苦くて甘い恋愛中毒
ストールを羽織って席を後にする。
会計は理恵が済ませていってくれたようだ。
なかなかの上機嫌で、ウィンドウショッピングを楽しんでいた時だった。
「ねえ、おねーさん。ご飯でも行かない?」
は? なにこれ?
いい感じにオシャレな服装に、人あたりのよさそうな笑顔。
茶色の髪は太陽に照らされて、よりいっそう色素が薄く見える。
多分、十人いたら八人くらいは〝かっこいい〟と判断するだろう。
(残念ながら私は残りのふたりだけど)
で、この状況から察するに、私は今このイケメンにナンパされている。
まだまだイケるじゃん、私! なんて、たとえ昨日二十五を迎えたとしても、そこまで物事を肯定的に受け入れるほどのキャパシティーはまだ持ち合わせていない。

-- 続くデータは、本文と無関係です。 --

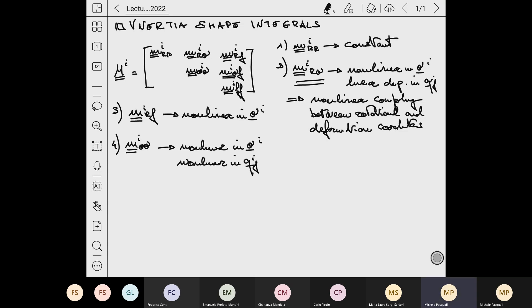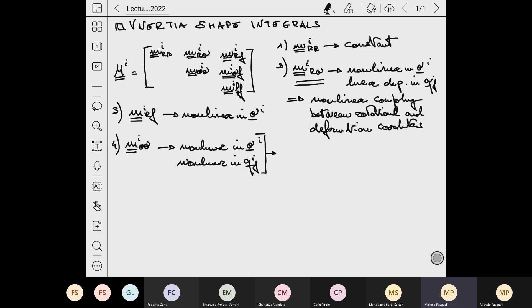Because during the deformation, we have additional contributions which make this part non-null. Then we have another sub-matrix associated to rotation, and for this we highlighted a non-linear dependence in the rotation as well as a non-linear dependence in the deformation parameters. For this sub-matrix, it was necessary to introduce various quantities which we called inertia shape integrals.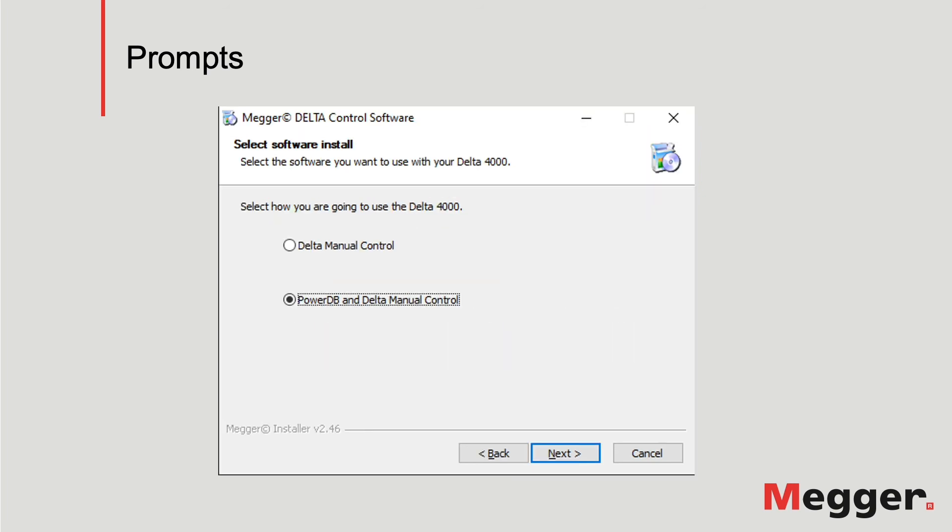During the installation of Delta Control, select the option to install it to control the Delta 4000 from PowerDB and Delta manual control, as shown in this screen.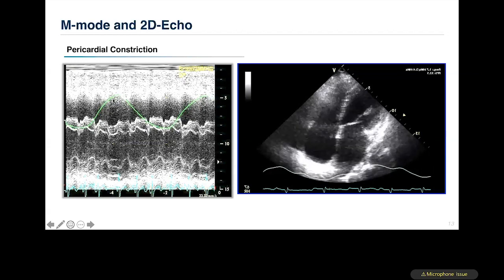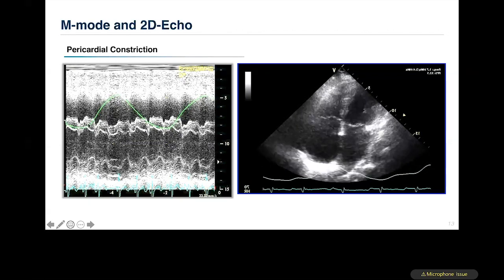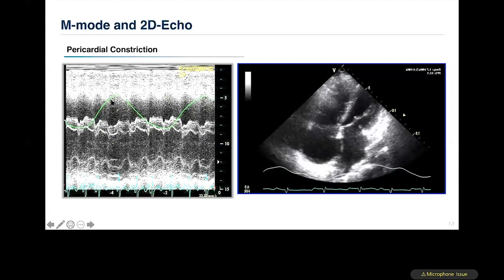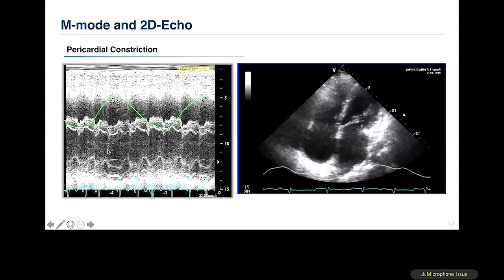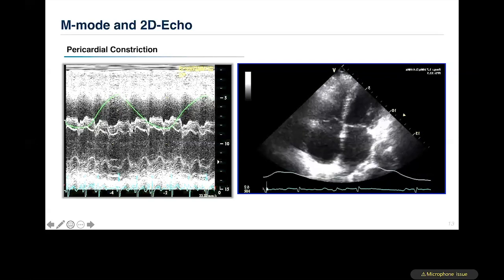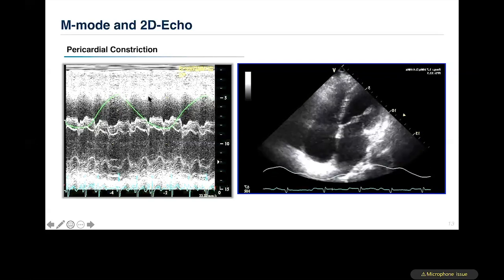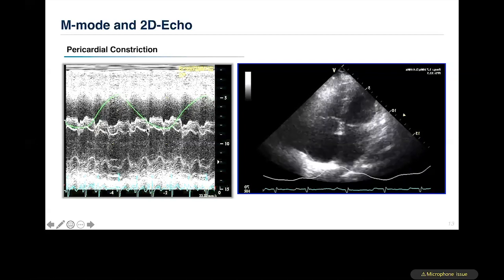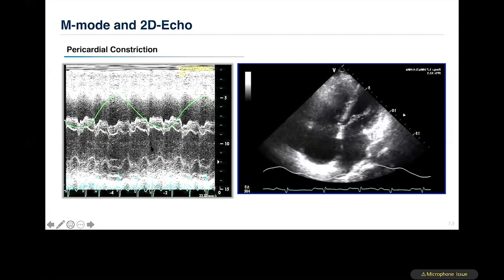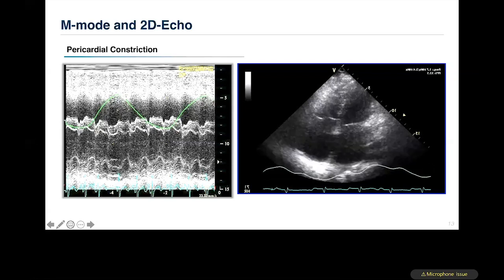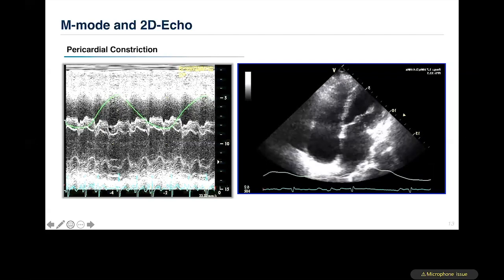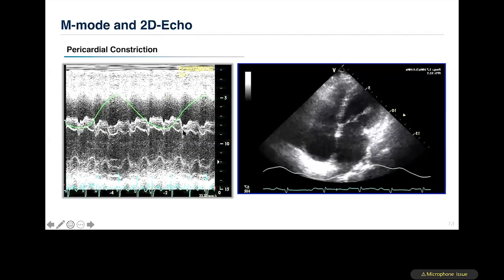During inspiration, RV volume increases, the RV size increases, and the septum moves toward the LV while the LV size reduces. During expiration, the LV size increases, the RV size falls, and the septum moves toward the right ventricle. In addition to this back-and-forth motion, there is an abnormal high-frequency motion happening in the septum.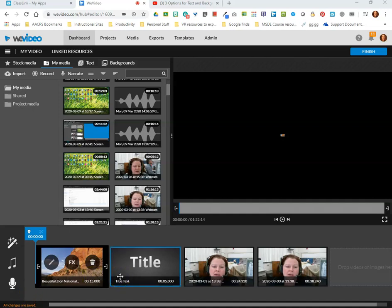Welcome back AACPS staff for our final tutorial on how to create using WeVideo in storyboard mode. In this video we're going to talk about how to finish and save a project.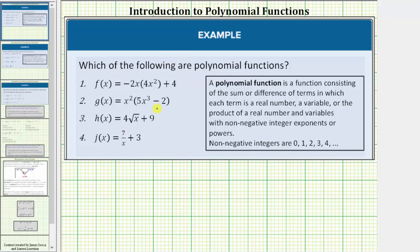We are asked which of the following functions are polynomial functions. A polynomial function is a function that is a sum or difference of monomials, which means it consists of the sum or difference of terms in which each term is a real number, a variable, or the product of a real number and variables with non-negative integer exponents or powers.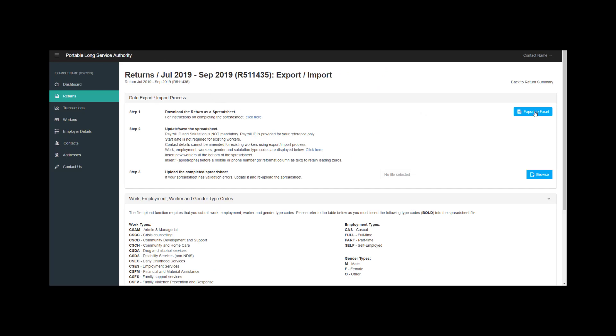With the exception of the codes, you'll be able to copy and paste data from your own records into the spreadsheet.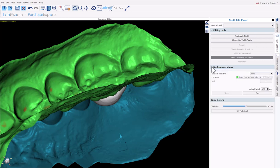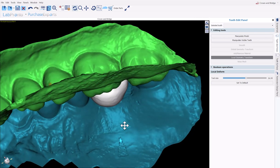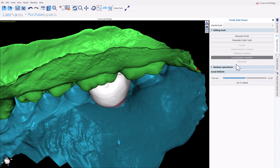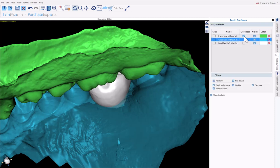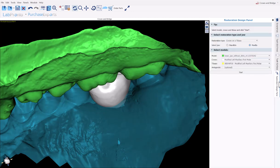We also have here different boolean operations, which we're not going to get into in this video, but you should know that they exist. So at this point, if I am happy with my tooth design, we are going to turn the teeth into our crown. And we'll do that via the restoration design panel.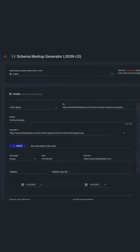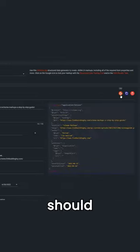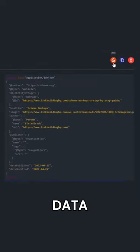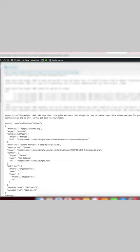Now, after you're done, you should get the complete code that structures your data perfectly. You just need to copy and paste this code into your web page's HTML.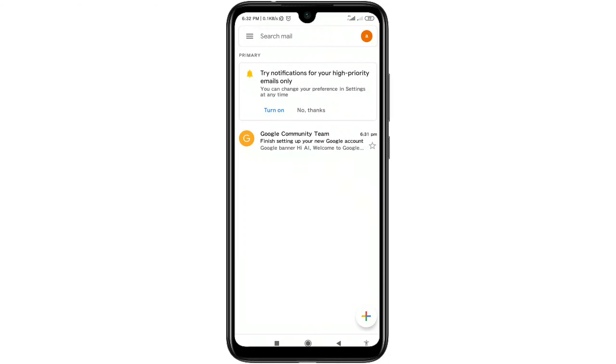Thank you so much for watching. By this process you can create any Gmail account without a phone number or verification code. Thank you so much for watching.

ナンパは私の人生の中で常に〝嫌いなものランキング〟の上位に居座り続けており、相手がいくらタイプだったとしても、ナンパしてきた時点で、即アウト。
要するに、私はナンパというものが大嫌いなのだ。
返答するのも腹立たしくて、なにも言わずに方向転換する。
あぁ、あっちに行きたいお店があったのに。